Shivaji memorial row: Mishap revives demand to move statue inland
Influential Maratha organisation wants government to accept that the marine project is not feasible
Chhatrapati Shivaji built a powerful Navy that consolidated the Maratha empire. But, it seems his followers and those behind the idea of a marine memorial for him have much to learn about the sea. The tragedy that left a person dead at the Chhatrapati Shivaji Memorial site, has revived a demand to shift the ambitious Rs 2,800-crore project on land in the city.
Incidentally, one of the largest and most influential organisations that reveres Shivaji, the Maratha Seva Sangh, has made the demand, as also an urban activist who has been writing to the government and politicians, to think about the marine project, which could be unviable.
Siddhesh Pawar died when a boat that some government officials, political workers and journalists were travelling in, hit a rock and capsized on Wednesday afternoon, in the Arabian Sea. They had been invited to the memorial site where the work was to begin formally.
People on the boat being helped ashore on Wednesday. Pic/Suresh Karkera
'Use Raj Bhavan site'
Maratha Seva Sangh's national president Purushottam Khedekar told mid-day that instead of a rock in the sea, the Raj Bhavan site can be used for the memorial. The governor's residence can be built by demolishing the ministerial quarters opposite Mantralaya, he said. Khedekar has raised nine points to prove how the memorial, if built in the sea, would be unfeasible in many aspects.
Ravi Nair, a civic activist, said the memorial with a taller equestrian statue and all other facilities that have been planned on the sea rock, could be built with Rs 900 cr in the centre of the city, preferably on one of the existing hills. He said the remaining amount could be used to give financial impetus to the city's public transport and help debt-ridden farmers.

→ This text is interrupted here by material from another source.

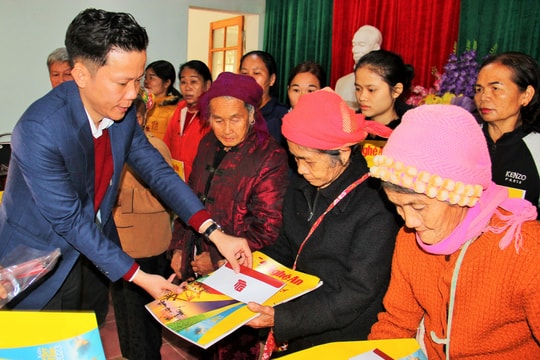 Báo Nghệ An và Tập đoàn TTG Holdings tặng quà Tết người nghèo ở Quỳ Hợp và Quỳ Châu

Nair said, 'I had written to the government, Shiv Sena president Uddhav Thackeray, and even met the president of the memorial committee, Vinayak Mete. My pleas fell on deaf ears.
'A trick to woo people'
"My demand may hurt the sentiments of the people, but the people concerned should consider the dangers that nature would pose the future. Firstly, it will take years to build the memorial in the sea and will need a lot of public money. The memorial, if built on a hill, will be visible and approachable to all. Imagine the people seeing Shivaji Maharaj's stature from all sides," he said.
Khedekar said the memorial had become an unnecessary political race. "It's a trick to woo the people. Maratha Seva Sangh was the first to ask for a memorial on land in 1995. We had given a memorandum to then chief minister Manohar Joshi and requested the use of 300 acres of land in Gorai. Now we demand that the Raj Bhavan land at Malabar Hill be used," he said.
Sea of issues
He said the memorial at Malabar Hill will be open around the year whereas the rough sea will not allow the passenger ferry to the rock most of the time of the year. We may need a daily schedule, depending on the weather every day. A lot of time will be consumed in travelling. The travel and recreation cost wouldn't be affordable to all, said Khedekar.

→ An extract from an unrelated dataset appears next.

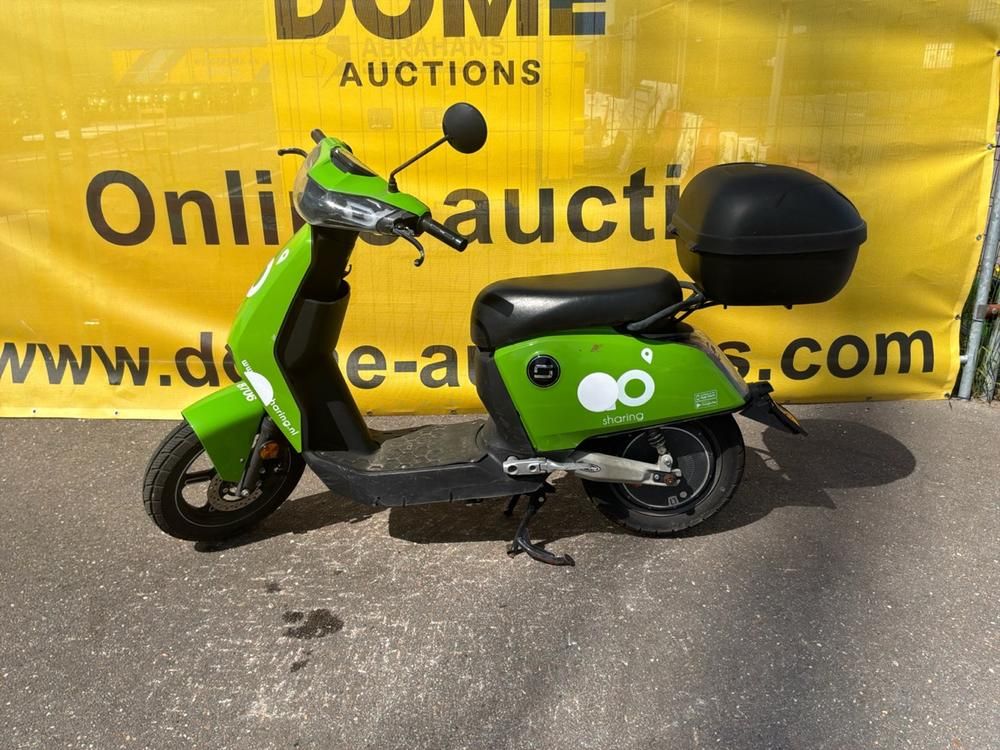 Super SOCO CUx Electric Scooter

"There is no guarantee that the incident that happened yesterday will not recur in the future. And there is no guarantee that the money allotted would suffice as the cost of construction will surely escalate," said Khedekar.
Sena demands criminal action
The Shiv Sena has taken a tough stand over carelessness that was shown by the state machinery and the political bosses of the memorial committee. The party's MP Sanjay Raut said the officials and politicians responsible for the death should face police action.
Raut said there was no need to take so many people to the memorial site. "Have you seen any political leader and others going to the site of the upcoming statue of Sardar Patel? Wednesday's event was not needed at this stage," said Raut.